# How do you factor 81r^3 - 3t^3?

May 9, 2015

$81 {r}^{3} - 3 {t}^{3} = 0$ has solutions when ${\left(\frac{t}{r}\right)}^{3} = 27$, so $\frac{t}{r} = 3 , 3 \omega \mathmr{and} 3 {\omega}^{2}$, where $\omega$ is the complex cube root of $1$, so $\left(3 r - t\right)$, $\left(3 \omega r - t\right)$ and $\left(3 {\omega}^{2} r - t\right)$ are all factors of $81 {r}^{3} - 3 t$.

If we restrict ourselves to real coefficients, the only linear factor is $\left(3 r - t\right)$. The other (quadratic) factor will be of the form $\left(a {r}^{2} + b r t + c {t}^{2}\right)$. We could calculate this using $\omega$, but let's stick to real numbers for simplicity...

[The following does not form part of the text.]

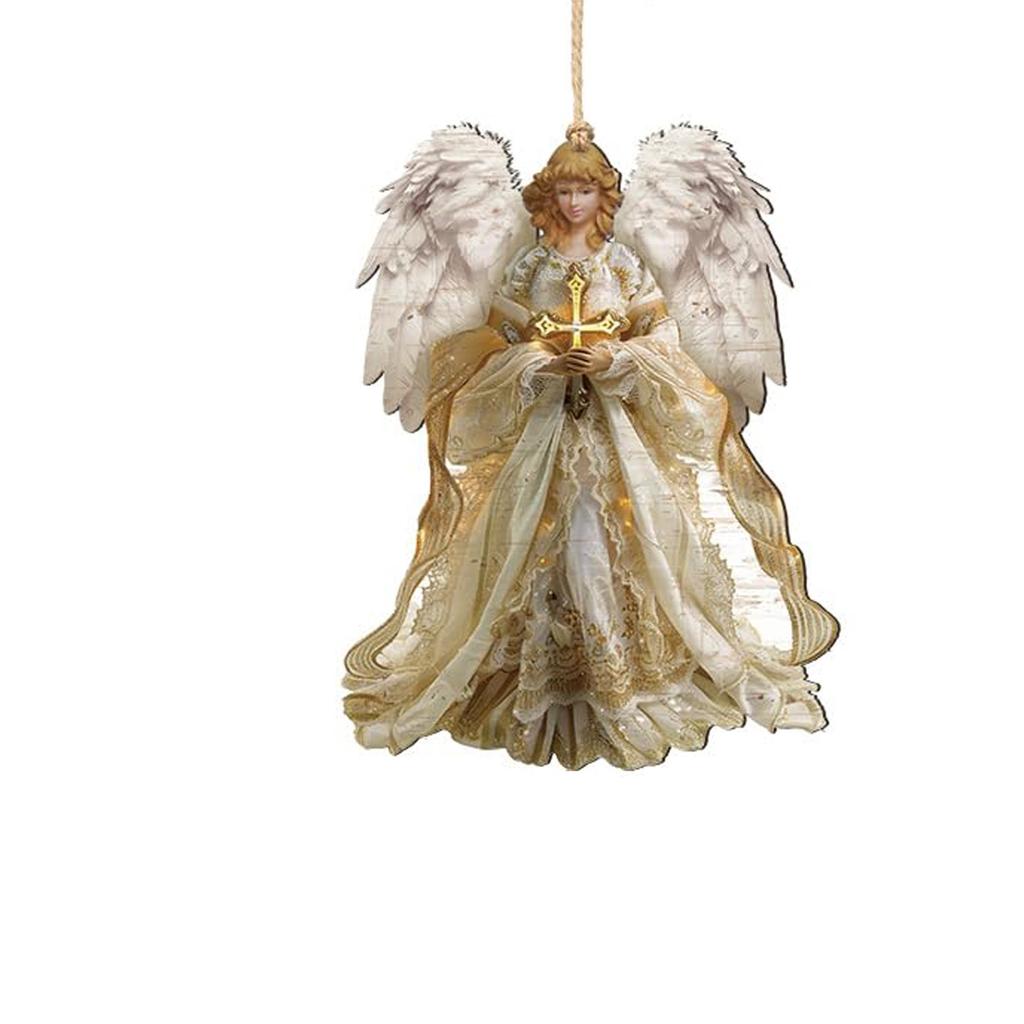 Санта 2D Плоский Акриловый Новогодний Елочный Подвесной Декор Спортивный Автомобиль Украшение Плоский Подвесной Декор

Let's try multiplying it out:
(3r - t)(ar^2 + brt + ct^2) = 3ar^3 + (3b - a)r^2t + (3c - b)rt^2 -ct^3

Comparing the coefficients with the original polynomial, we get:
$3 a = 81$
$3 b - a = 0$
$3 c - b = 0$
$c = 3$

Hence $a = 27$, $b = 9$ and $c = 3$.

So $81 {r}^{3} - 3 {t}^{3} = \left(3 r - t\right) \left(27 {r}^{2} + 9 r t + 3 {t}^{2}\right) = 3 \left(3 r - t\right) \left(9 {r}^{2} + 3 r t + {t}^{2}\right)$.